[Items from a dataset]
● ● ● ● ●

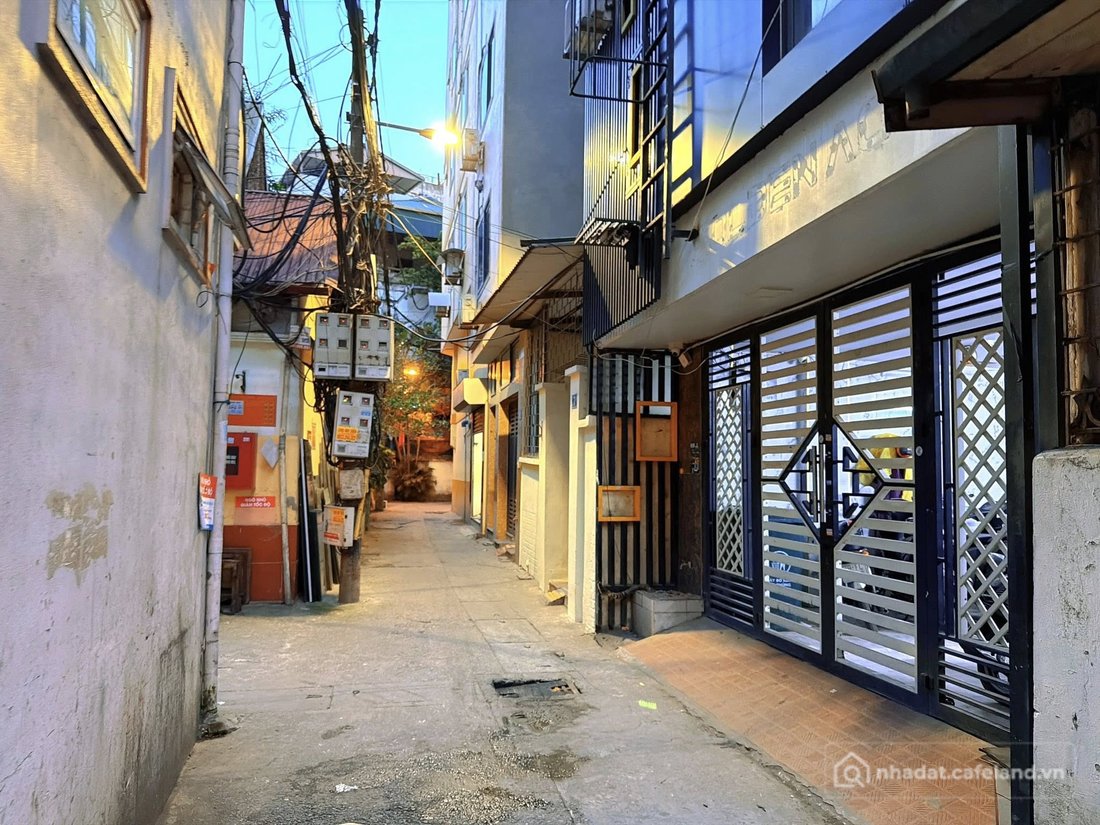 Bán nhà riêng: BÁN TÒA NHÀ CHDV ĐƯỜNG HOÀNG NGÂN. 115M2 - 7 TẦNG. THANG MÁY. 23 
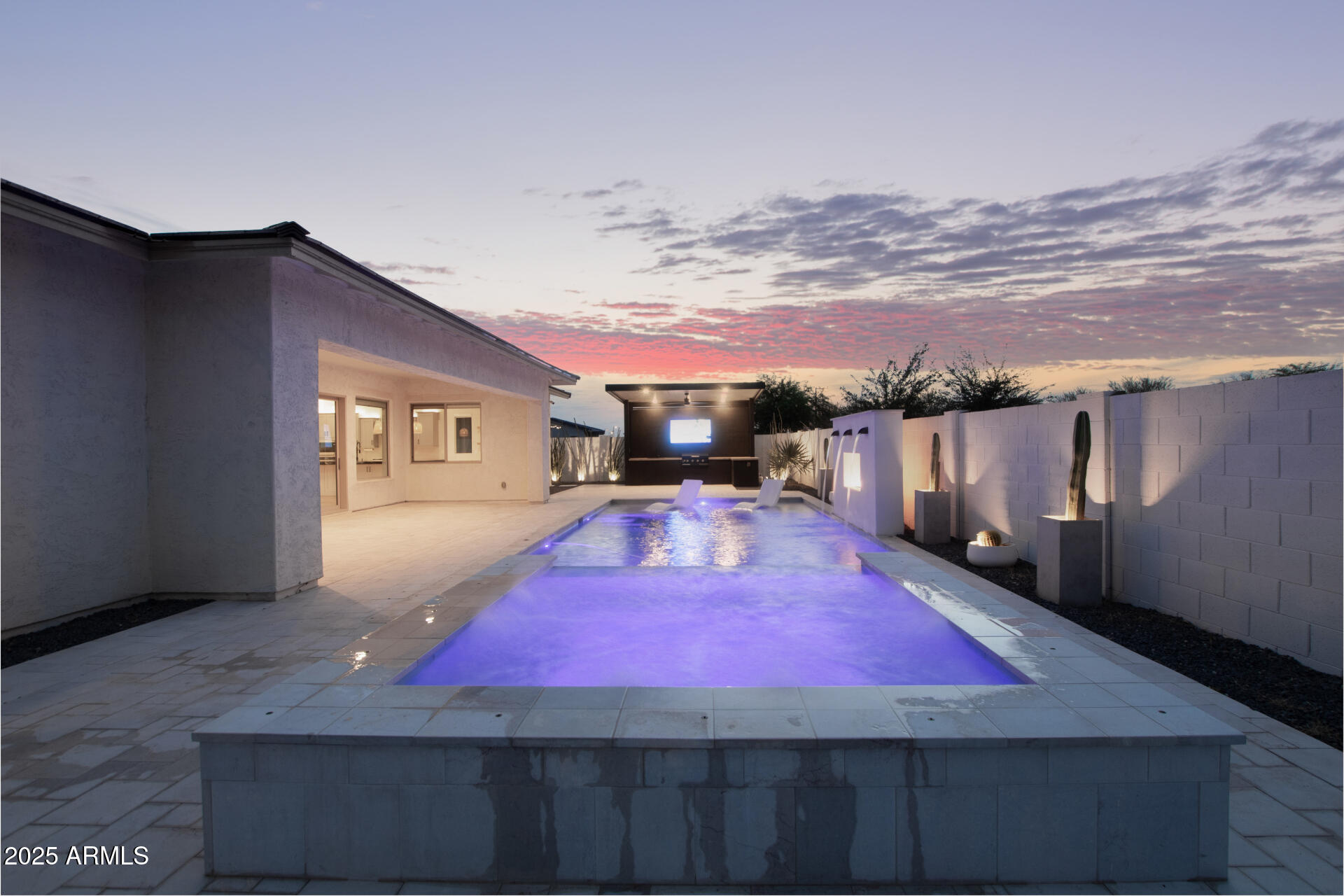 23154 E VIA DE OLIVOS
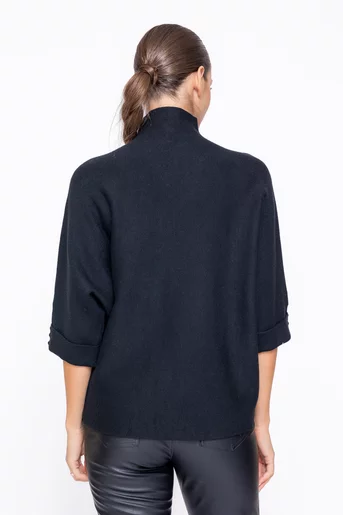 Bluză tricotată cu nasturi si floare decorativă neagră BDM1107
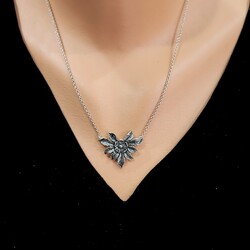 925 Sterling Silver Flower Design Necklace - Nusrettaki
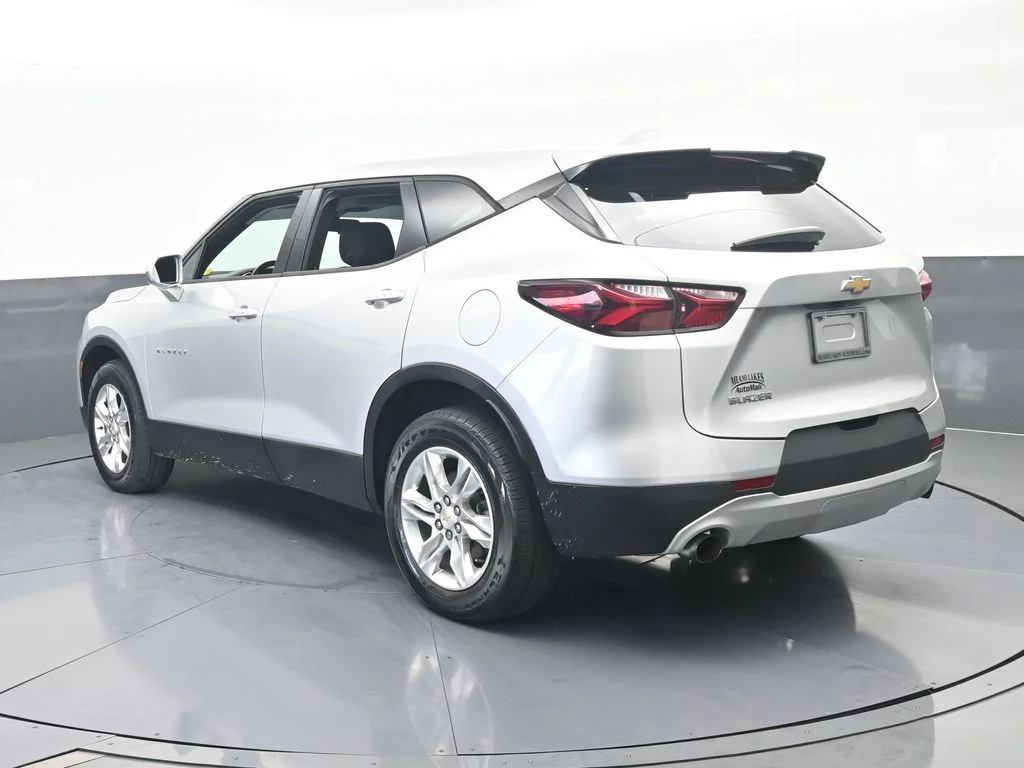 Used 2019 Silver Ice Metallic Chevrolet L image 4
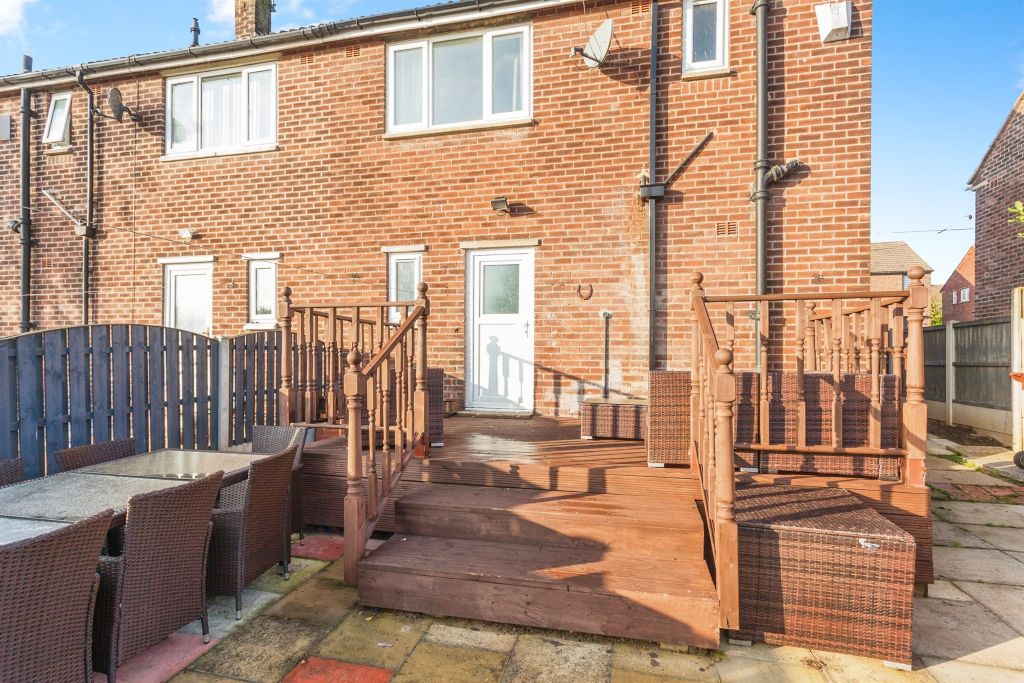 Property photo 2 of 17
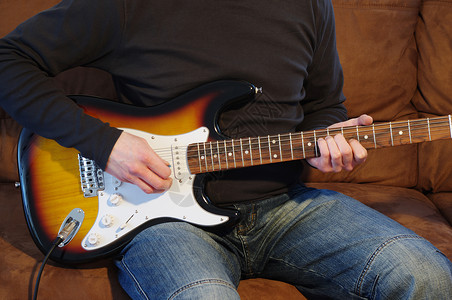 吉他玩家热情力量细绳吉他手男人摇杆音乐家重金属身体男性背景图片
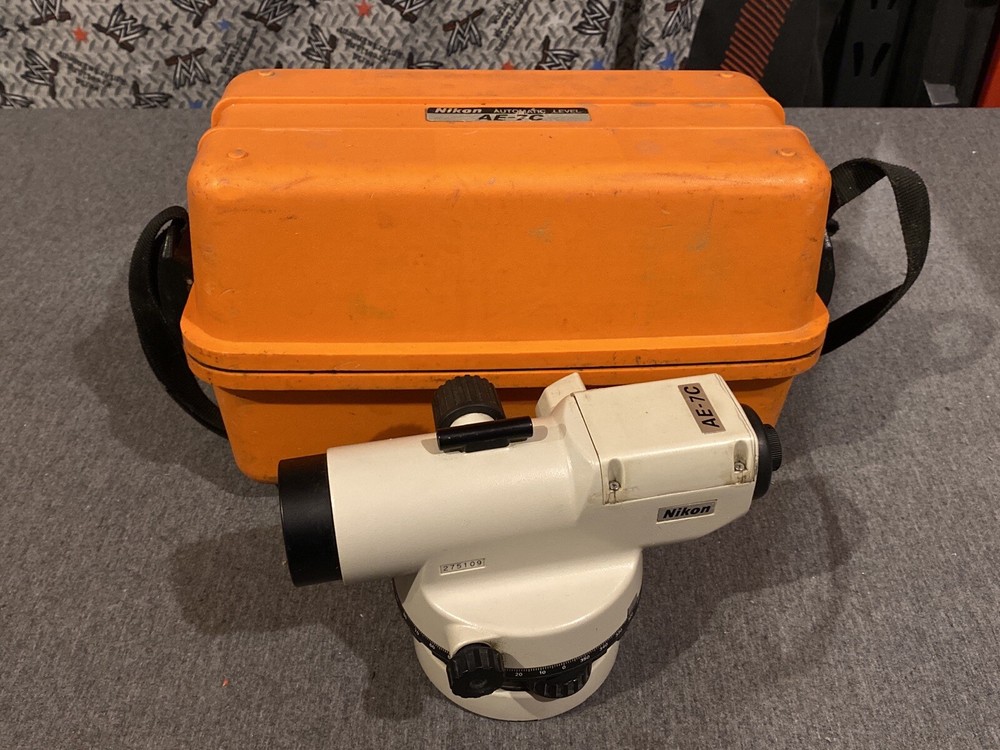 Nikon Auto Levels AE-7C (Engineers 30X Level) w/ Case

● ● ● ● ●

Would you return all of the data above word for word, omitting every picture?

 Bán nhà riêng: BÁN TÒA NHÀ CHDV ĐƯỜNG HOÀNG NGÂN. 115M2 - 7 TẦNG. THANG MÁY. 23 
 23154 E VIA DE OLIVOS
 Bluză tricotată cu nasturi si floare decorativă neagră BDM1107
 925 Sterling Silver Flower Design Necklace - Nusrettaki
 Used 2019 Silver Ice Metallic Chevrolet L image 4
 Property photo 2 of 17
 吉他玩家热情力量细绳吉他手男人摇杆音乐家重金属身体男性背景图片
 Nikon Auto Levels AE-7C (Engineers 30X Level) w/ Case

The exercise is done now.